In the listing below, the line containing "Клубника в шоколаде 6 ягод в Сириусе" marks the end; copy exactly every line from the first through that one.

== Data for the task ==

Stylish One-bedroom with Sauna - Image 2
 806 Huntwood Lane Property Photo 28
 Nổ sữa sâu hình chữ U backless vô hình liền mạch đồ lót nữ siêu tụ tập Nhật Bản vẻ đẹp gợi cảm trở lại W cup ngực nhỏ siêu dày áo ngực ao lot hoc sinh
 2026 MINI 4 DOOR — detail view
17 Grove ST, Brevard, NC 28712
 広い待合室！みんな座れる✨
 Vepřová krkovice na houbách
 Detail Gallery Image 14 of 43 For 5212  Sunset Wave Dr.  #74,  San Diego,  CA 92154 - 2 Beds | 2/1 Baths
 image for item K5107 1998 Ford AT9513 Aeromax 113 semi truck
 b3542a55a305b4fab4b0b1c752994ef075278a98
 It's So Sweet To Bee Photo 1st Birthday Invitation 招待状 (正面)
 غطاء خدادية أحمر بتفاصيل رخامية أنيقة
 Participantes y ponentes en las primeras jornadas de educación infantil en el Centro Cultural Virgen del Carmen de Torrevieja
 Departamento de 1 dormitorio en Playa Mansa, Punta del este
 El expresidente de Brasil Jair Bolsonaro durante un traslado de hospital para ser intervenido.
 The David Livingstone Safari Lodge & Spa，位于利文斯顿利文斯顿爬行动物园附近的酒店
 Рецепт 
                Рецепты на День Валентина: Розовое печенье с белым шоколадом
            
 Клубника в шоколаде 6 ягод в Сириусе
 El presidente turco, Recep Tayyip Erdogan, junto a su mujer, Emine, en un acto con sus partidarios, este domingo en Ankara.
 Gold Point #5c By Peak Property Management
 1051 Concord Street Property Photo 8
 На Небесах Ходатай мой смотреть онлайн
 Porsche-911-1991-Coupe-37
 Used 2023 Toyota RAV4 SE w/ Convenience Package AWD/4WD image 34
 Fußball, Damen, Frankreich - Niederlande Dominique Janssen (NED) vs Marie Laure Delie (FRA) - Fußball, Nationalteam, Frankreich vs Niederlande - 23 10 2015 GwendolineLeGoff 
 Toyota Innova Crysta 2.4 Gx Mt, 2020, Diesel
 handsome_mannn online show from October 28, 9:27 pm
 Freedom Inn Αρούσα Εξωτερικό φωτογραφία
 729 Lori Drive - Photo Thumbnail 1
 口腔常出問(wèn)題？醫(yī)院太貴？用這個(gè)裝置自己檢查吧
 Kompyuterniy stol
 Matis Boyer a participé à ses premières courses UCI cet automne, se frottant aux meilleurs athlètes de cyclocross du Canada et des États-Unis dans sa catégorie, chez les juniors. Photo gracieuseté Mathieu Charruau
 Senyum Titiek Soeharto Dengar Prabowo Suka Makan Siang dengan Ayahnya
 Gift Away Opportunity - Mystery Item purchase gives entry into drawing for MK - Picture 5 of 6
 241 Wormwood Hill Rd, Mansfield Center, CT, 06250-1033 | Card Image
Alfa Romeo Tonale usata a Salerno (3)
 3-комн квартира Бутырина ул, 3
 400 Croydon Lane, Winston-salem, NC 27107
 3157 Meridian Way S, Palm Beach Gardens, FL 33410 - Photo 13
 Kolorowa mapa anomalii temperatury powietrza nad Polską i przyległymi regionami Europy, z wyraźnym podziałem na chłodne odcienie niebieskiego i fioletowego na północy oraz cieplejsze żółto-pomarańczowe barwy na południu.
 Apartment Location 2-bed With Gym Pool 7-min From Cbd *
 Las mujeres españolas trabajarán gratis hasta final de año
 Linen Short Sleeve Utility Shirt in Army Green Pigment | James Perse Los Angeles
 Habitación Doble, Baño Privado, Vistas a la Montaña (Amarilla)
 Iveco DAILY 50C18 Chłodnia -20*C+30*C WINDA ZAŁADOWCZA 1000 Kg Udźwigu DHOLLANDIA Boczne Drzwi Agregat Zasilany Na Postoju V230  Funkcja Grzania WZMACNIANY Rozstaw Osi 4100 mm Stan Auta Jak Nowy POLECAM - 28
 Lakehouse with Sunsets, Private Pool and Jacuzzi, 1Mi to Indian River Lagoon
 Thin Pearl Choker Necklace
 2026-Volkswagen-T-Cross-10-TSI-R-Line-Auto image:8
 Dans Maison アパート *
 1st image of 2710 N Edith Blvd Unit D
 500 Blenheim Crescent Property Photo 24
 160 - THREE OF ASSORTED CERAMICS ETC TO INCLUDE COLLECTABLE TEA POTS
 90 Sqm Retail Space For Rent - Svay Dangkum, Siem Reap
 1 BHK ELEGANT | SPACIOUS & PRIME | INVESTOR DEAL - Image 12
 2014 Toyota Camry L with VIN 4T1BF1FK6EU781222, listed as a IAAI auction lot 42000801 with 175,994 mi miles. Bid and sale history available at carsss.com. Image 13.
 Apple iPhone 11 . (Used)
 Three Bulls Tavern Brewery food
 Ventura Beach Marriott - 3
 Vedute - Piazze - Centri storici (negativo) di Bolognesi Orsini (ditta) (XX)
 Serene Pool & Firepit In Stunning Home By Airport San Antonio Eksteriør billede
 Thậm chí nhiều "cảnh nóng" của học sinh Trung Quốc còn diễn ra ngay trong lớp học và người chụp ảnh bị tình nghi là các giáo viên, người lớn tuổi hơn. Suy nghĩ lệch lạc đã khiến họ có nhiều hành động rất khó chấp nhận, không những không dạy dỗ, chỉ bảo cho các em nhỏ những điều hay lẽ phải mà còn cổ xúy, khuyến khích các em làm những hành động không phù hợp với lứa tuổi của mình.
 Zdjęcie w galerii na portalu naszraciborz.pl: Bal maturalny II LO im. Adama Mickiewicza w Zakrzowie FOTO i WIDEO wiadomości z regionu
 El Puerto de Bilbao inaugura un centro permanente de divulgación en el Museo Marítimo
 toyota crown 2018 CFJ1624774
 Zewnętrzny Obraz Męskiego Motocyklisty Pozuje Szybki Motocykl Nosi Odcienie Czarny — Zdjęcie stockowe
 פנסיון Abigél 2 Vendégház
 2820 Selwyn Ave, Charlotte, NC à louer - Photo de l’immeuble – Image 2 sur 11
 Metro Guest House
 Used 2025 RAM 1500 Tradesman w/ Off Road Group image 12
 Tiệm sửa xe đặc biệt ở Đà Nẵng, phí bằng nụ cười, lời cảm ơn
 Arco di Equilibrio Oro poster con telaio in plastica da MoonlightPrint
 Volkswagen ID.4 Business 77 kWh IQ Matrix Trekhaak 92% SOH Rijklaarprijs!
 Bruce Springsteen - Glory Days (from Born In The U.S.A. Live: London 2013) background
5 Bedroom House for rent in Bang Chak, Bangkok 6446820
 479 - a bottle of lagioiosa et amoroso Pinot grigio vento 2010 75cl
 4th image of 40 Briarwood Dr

===

_Output of the exercise_.
Stylish One-bedroom with Sauna - Image 2
 806 Huntwood Lane Property Photo 28
 Nổ sữa sâu hình chữ U backless vô hình liền mạch đồ lót nữ siêu tụ tập Nhật Bản vẻ đẹp gợi cảm trở lại W cup ngực nhỏ siêu dày áo ngực ao lot hoc sinh
 2026 MINI 4 DOOR — detail view
17 Grove ST, Brevard, NC 28712
 広い待合室！みんな座れる✨
 Vepřová krkovice na houbách
 Detail Gallery Image 14 of 43 For 5212  Sunset Wave Dr.  #74,  San Diego,  CA 92154 - 2 Beds | 2/1 Baths
 image for item K5107 1998 Ford AT9513 Aeromax 113 semi truck
 b3542a55a305b4fab4b0b1c752994ef075278a98
 It's So Sweet To Bee Photo 1st Birthday Invitation 招待状 (正面)
 غطاء خدادية أحمر بتفاصيل رخامية أنيقة
 Participantes y ponentes en las primeras jornadas de educación infantil en el Centro Cultural Virgen del Carmen de Torrevieja
 Departamento de 1 dormitorio en Playa Mansa, Punta del este
 El expresidente de Brasil Jair Bolsonaro durante un traslado de hospital para ser intervenido.
 The David Livingstone Safari Lodge & Spa，位于利文斯顿利文斯顿爬行动物园附近的酒店
 Рецепт 
                Рецепты на День Валентина: Розовое печенье с белым шоколадом
            
 Клубника в шоколаде 6 ягод в Сириусе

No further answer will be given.